Suffice to say, I would've happily written a much smaller, shorter book - but this was needed.
Edit for clarification: Full Stack would be app server up. So runs a server (some sort of process/thread/worker management), server scripting is in the same language (can auth, process requests, interact with a DB, etc), and build the view (simple JSON/blob response, build html, etc). I exclude client side form this, since most of the X for client-side projects end up transpiling into JS.
Haskell makes it so easy to write correct concurrent code it's not even funny. GHC's magnificent IO manager means I can handle 1000s of connections on one amazon instance. Can't understand why you wouldn't be using Haskell for server-side web development.
No other popular server-side language supports concurrency (see STM, MVar's, and Chans), transparent futures/promises for I/O (the entire IO monad in GHC is non-blocking), support for multiple processors (Just add +RTS -N<n> to make your program scale to n processors), and a blazing fast HTTP server (warp).
I can't tell whether that's just a rhetorical flourish, so I'll answer straight.

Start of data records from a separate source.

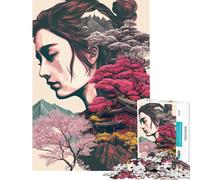 Rompecabezas de 1000 Piezas para Adolescentes diseño de Flores de Cerezo japonesas Ideal para Adultos y para Toda la Familia Un Juego desafiante y una verdadera Obra de Arte (38x52cm)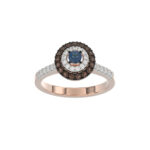 LADIES RING 0.55CT ROUND/BLUE SAPPHIRE/DARK BROWN DIAMOND 14K ROSE GOLD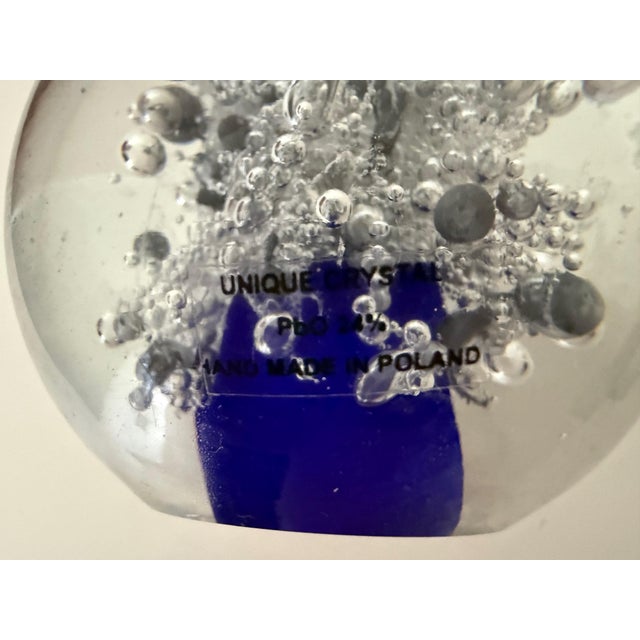 Glass VTG F&c Crystal Art Glass Paperweight Controlled Bubble; Signed; Made in Poland For Sale - Image 7 of 7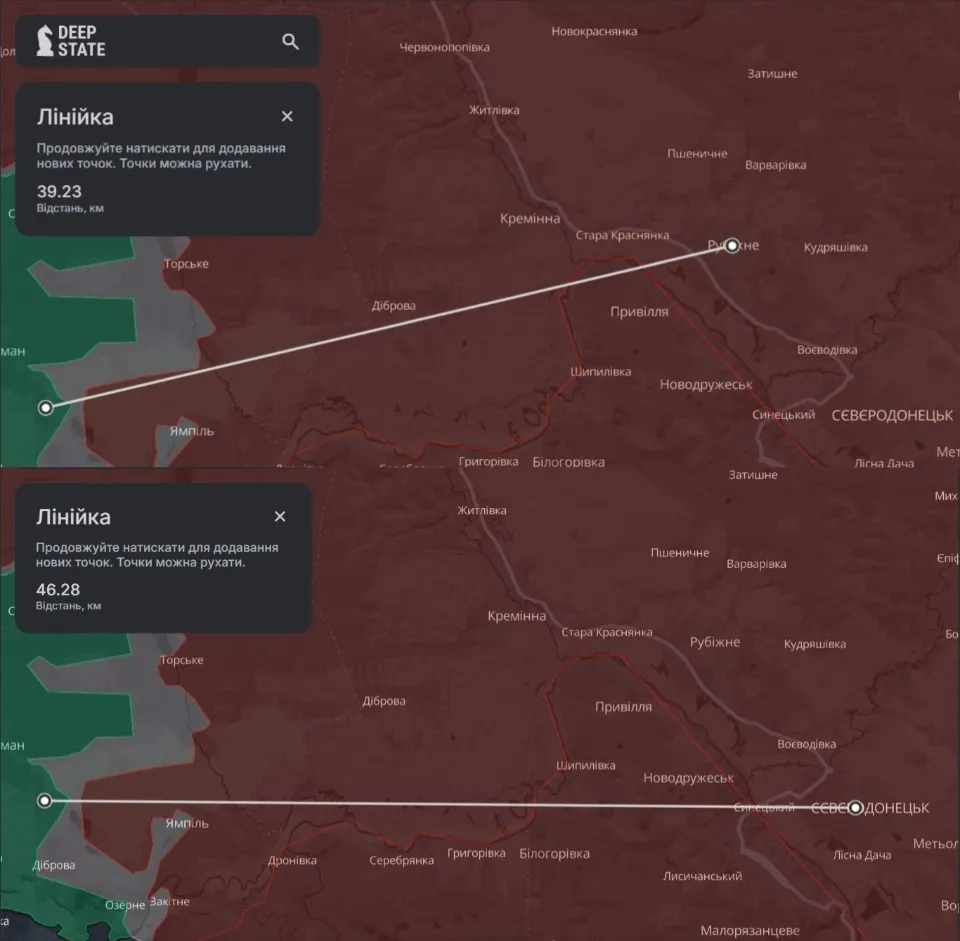 Відстань від ЛБЗ до Рубіжного та Сіверськодонецька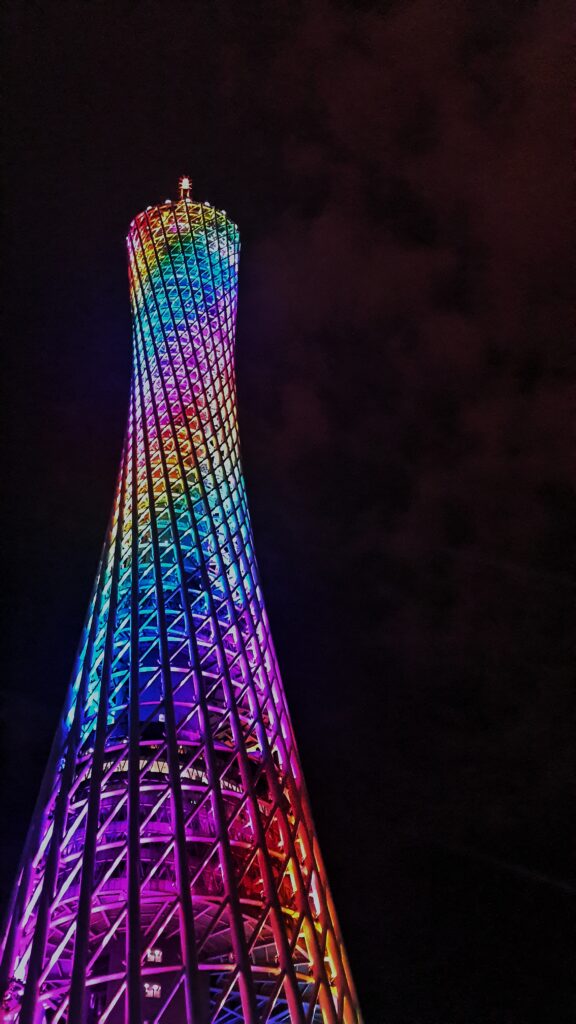 Guangzhou skyline with colorful lights at Canton Tower
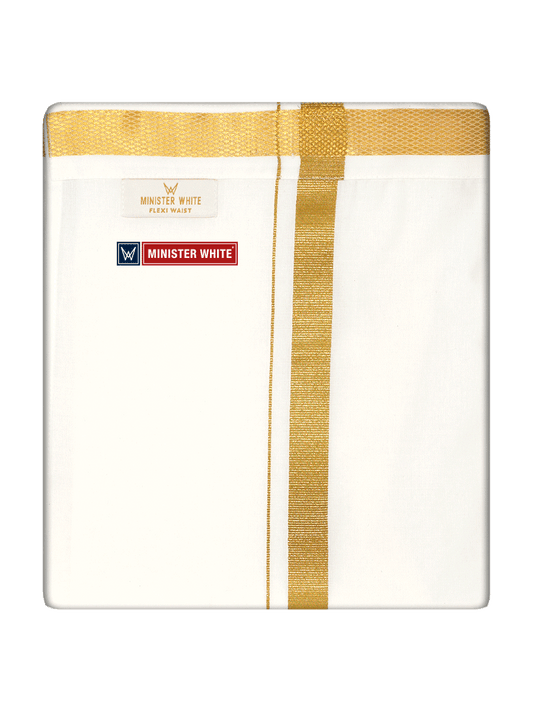 Mens Cotton White Double Layered Dhoti with Gold Jari Border - Genius Dbl by Minister White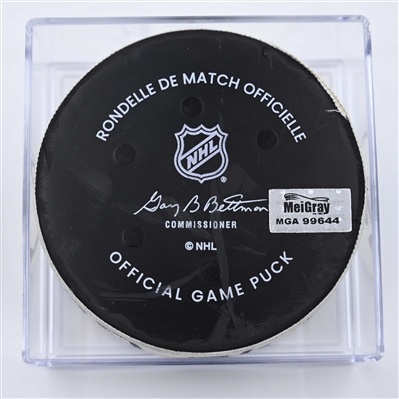 Jonatan Berggren - Detroit Red Wings - Goal Puck - April 16, 2025 vs. New Jersey Devils (Devils Logo)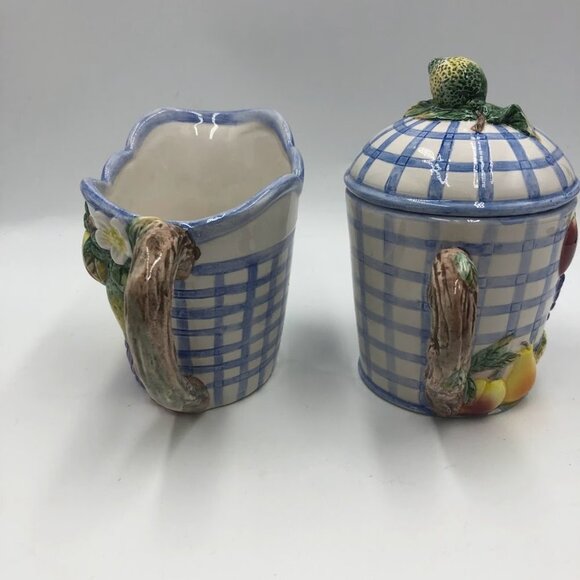 Vintage 1994 Omnibus China Sugar and Creamer Set Checkered Fruit Theme - Picture 11 of 15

To begin with, there are a couple of concerns that might kill an attempt to use Haskell.
1. I might not be able to get management approval. Haskell is an obscure language with a reputation for difficulty. The bosses might well say no. 2. I might need to work with an existing codebase in something like Java or Python. Not possible from Haskell.
If those don't kill the project, there's the cost-benefit tradeoff. On the benefits side: 1. Haskell code is very concise. (definitely) And greater concision means faster development. (possibly) 2. Haskell code is less likely to contain errors, because of very strict typing. (probably) 3. Haskell coders are disproportionately capable, because the language is obscure and difficult. (probably)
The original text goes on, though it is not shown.